Başka bir değişle, 2008’den beri aralıksız devam eden ve derinleştikçe derinleşen çok yönlü yani ekonomik ve sosyal bunalımın boyutları halkın psikolojisini çok fazla etkiledi. Ruhları değiştirdi. Aktif durumda olan halkın ruhsal hali pasif ve karamsar oldu. Çocuğunu okula göndermeyenler artıyor. Neden mi? “Okuyup da ne olacak!?” zihniyeti yerleşti. Okula gidenlerin ailelerine parasal yardım yapılan yerlerde ise, daha önce de yazmıştım, 3 kuşak yani çocuk, anası, babası ve sağsa nenesi veya dedesi de okulun aynı sınıfına yazılmışlar. Sınıf defterinde 50 kayıtlı öğrenci var, sınıftakilerin sayısı beş altı. Okumanın yaşı yok, devleti aldatarak dolandırma ile yeminli yalan söylemenin de yaşı yok. İsteyen istediği yaşta okula kaydını yaptırıp sosyal yardım alabilme kapısını açmaya çalışıyor. Anlaşılması ve anlatılması zor bir psikolojik durumdayız. Aç kalma korkusunun doğurduğu yeni ortam. “Korku dağları deler” deyenler hafiften geçmiş, bizde korku yılana kap değiştirtiyor.

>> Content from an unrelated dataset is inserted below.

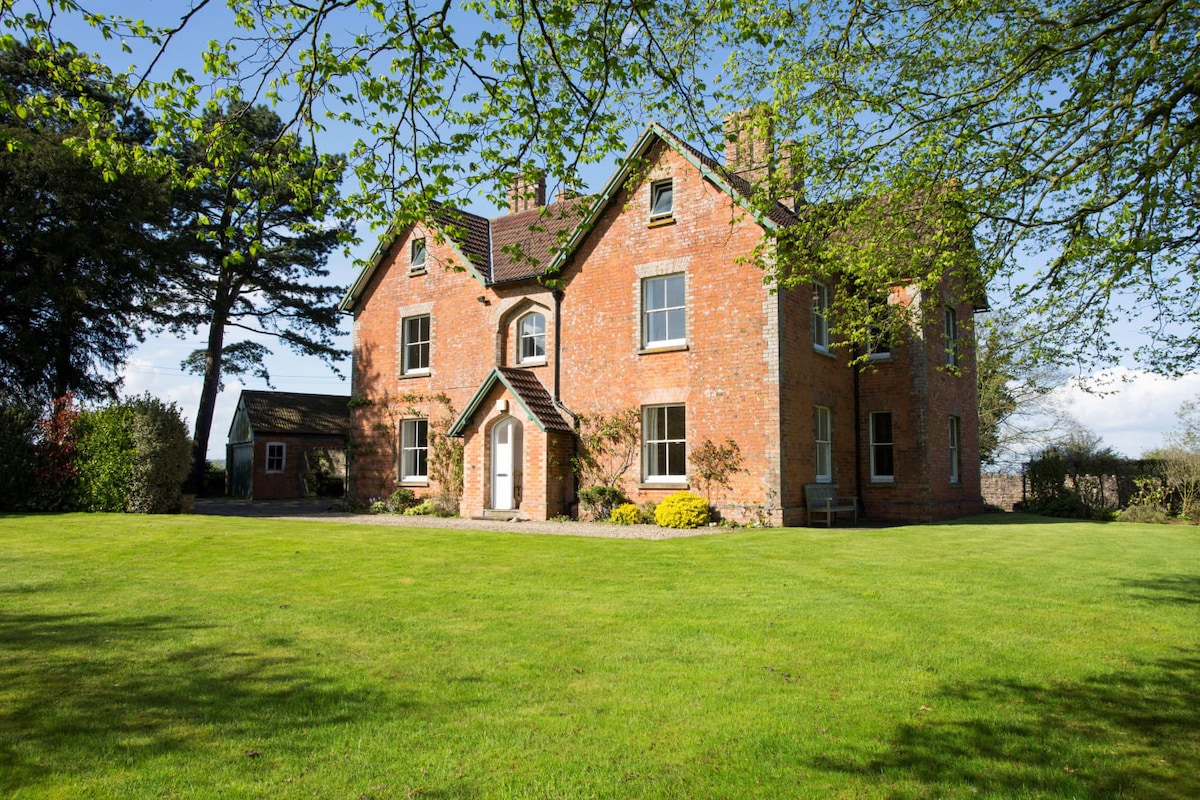 The Old Rectory with Swimming Pool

Korkunun önüne bir de güvensizliği koyalım. Genel bir güvensizlik ortamı var. Köylü tarlasını ekse, mahsulü toplayabilir miyim acaba endişesi içinde eğrilip bükülüyor. Hiçbir şeyi sigorta ettirecek parası yok. BTK bankasının kapısına anahtar vuruldu. Binlerce memur işçi Temmuz maaşını alamadı. Emekliler ağustos güneşinde kapıda kaldı.. Bir günde 118 yaşlı sıcağa dayanamayıp kaymış gitmiş. Beklenmedik kötü sürprizler günlerimizi zehir ediyor. Su, elektrik, doğal gaz, çöp hesapları BTK bankasının içinin boşaltıldığına inanmak istemiyor, “ver parayı” deyen tahsildar kapıdan gitmiyor. Mestanlar, Peebskiler, Doğanlar dillerini yuttu. Belki de hükümet düştü ve kurtulduk diye bayram ediyorlardır. Ama nereye kadar???? Yalancının mumu yassıya kadar deyenler hoşgörülü insanlar, oysa hırsızların köyü hapishane kapısıdır.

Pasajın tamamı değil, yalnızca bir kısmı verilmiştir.